Senior Site Reliability Engineer
* Remote role with cutting-edge, expanding organisation
* 60-70K plus 5% Bonus, 6% Pension, Healthcare for you and family, Life Cover
Key Responsibilities:
* Collaborate with engineering teams to enhance service quality through robust testing, performance tuning, and fault identification.
* Develop automated solutions to maintain systems and services, ensuring smooth project execution by working closely with internal engineering teams.
* Oversee system performance by implementing continuous monitoring and balancing feature development with system reliability, adhering to established service level objectives.
* Contribute to the formulation of practices, technologies, and procedures to maintain Security, Compliance, and Availability requirements across system landscapes.
* Manage, plan, and execute system upgrades to ensure minimal downtime and optimal system availability.
Required Skills & Qualifications:
* Kubernetes:
Extensive expertise in managing, deploying, and troubleshooting production Kubernetes clusters, with experience in container orchestration. Familiarity with Amazon EKS is an advantage.
* Automation & Configuration Management:
Proficiency with Ansible, Helm, and Kustomize for automating infrastructure provisioning and deployment. Skilled at managing Kubernetes manifests and ensuring streamlined application releases across different environments.
* Monitoring Tools:
Hands-on experience with systems like Prometheus and Grafana to monitor system health, identify issues, and optimize performance.
* Cloud Infrastructure (AWS):
Strong knowledge of AWS services such as EC2, S3, IAM, VPC, and associated tools for managing scalable cloud infrastructure.
* Infrastructure as Code (IaC):
Experience with Terraform for provisioning and maintaining cloud resources, ensuring repeatability and version control in cloud deployments.
* Messaging & Queuing Systems:
Familiarity with message brokers such as RabbitMQ, Kafka, or managed services like AmazonMQ, with experience in optimizing reliable communication between distributed systems.
* Database Expertise:
Strong background in managing cloud-based MySQL databases, particularly with Amazon RDS, focusing on high availability, security, and performance.
* Networking & Security:
Solid understanding of network security and design to ensure system protection, compliance, and industry-standard audit readiness.
* High Availability Systems:
Demonstrated experience in maintaining critical system uptime through fault tolerance, disaster recovery, and proactive monitoring to minimize downtime.

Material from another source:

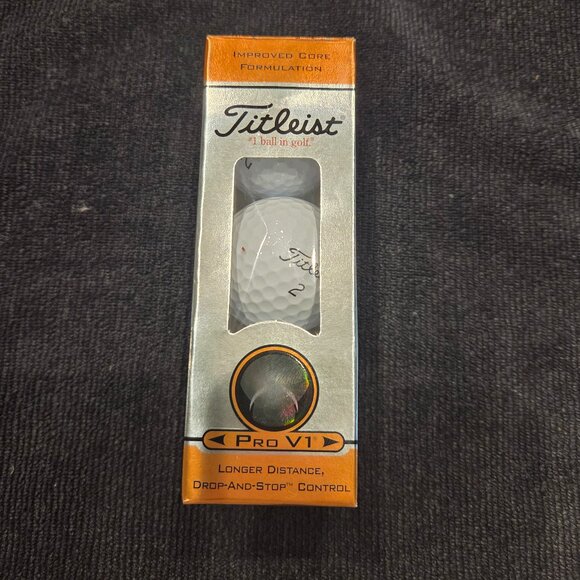 Sleeve of 3 Titleist 392 golf balls. 2005 edition. New in box - Picture 1 of 5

* Collaboration & Cross-functional Teamwork:
Proven ability to work effectively across multiple teams, departments, and stakeholders to execute project plans efficiently.
* Programming:
Competency in high-level programming languages such as Python, Go, or JavaScript, with a strong grasp of modern development tools and CI/CD pipelines for automating testing, deployment, and monitoring.
* Problem Solving & Optimization:
Strong problem-solving skills with a proactive approach to identifying bottlenecks, system issues, and opportunities for performance improvements.